Este resultado consolida a recuperação definitiva do setor e reflete uma mudança nos hábitos de consumo dos brasileiros, que têm priorizado gastos com lazer e experiências. O volume de serviços prestados no setor agora encontra-se significativamente acima do patamar observado antes da crise sanitária global.
Setores que impulsionaram o recorde
O crescimento não foi uniforme, mas foi sustentado por segmentos estratégicos que apresentaram forte demanda ao longo de todo o ano de 2025. O setor de eventos e congressos, em especial, retomou o protagonismo nas grandes capitais.

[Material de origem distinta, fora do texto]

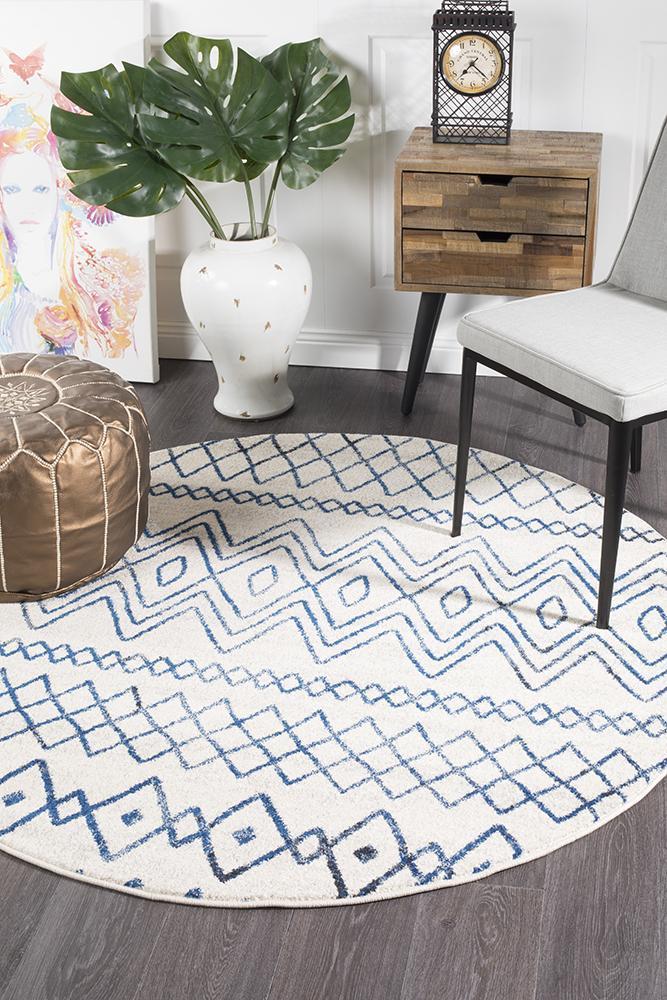 Oasis Nadia Rustic Tribal Round Rug in White and Blue Shades
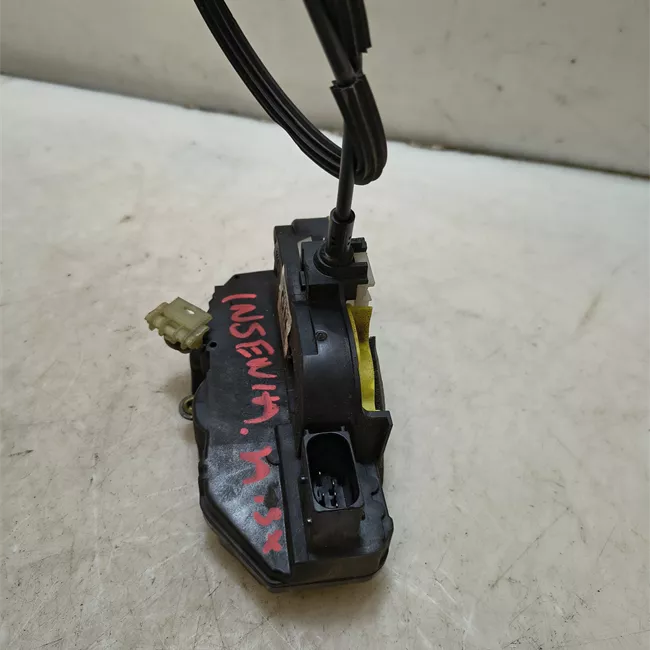 Serratura porta anteriore sinistra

Os principais destaques foram:
Transporte Aéreo: Aumento na oferta de voos e maior movimentação de passageiros em aeroportos internacionais;
Serviços de Alojamento: Hotéis e pousadas registaram taxas de ocupação recordes, especialmente em feriados prolongados;
Alimentação: Restaurantes e bares inseridos em polos turísticos beneficiaram do maior fluxo de visitantes;
Locação de Automóveis: Crescimento do turismo rodoviário e de proximidade.
Destaques Regionais
Estados como São Paulo, Rio de Janeiro e Minas Gerais lideraram o crescimento em volume absoluto. No entanto, o Nordeste brasileiro destacou-se pela maior variação percentual, impulsionado pelo turismo de sol e mar e pelos novos investimentos em infraestrutura hoteleira.
Perspectivas para 2026
O otimismo do setor projeta-se também para 2026. O Ministério do Turismo acredita que a manutenção do crescimento dependerá da continuidade de políticas de incentivo, como a redução de custos operacionais para companhias aéreas e a promoção do Brasil em feiras internacionais.
Analistas económicos apontam que o setor de turismo é um dos principais motores de geração de emprego e renda no país, possuindo uma cadeia produtiva que beneficia desde o pequeno artesão até as grandes redes multinacionais. A expectativa é que, com a estabilidade cambial, o turismo interno continue a ser a principal força do segmento no primeiro semestre deste ano.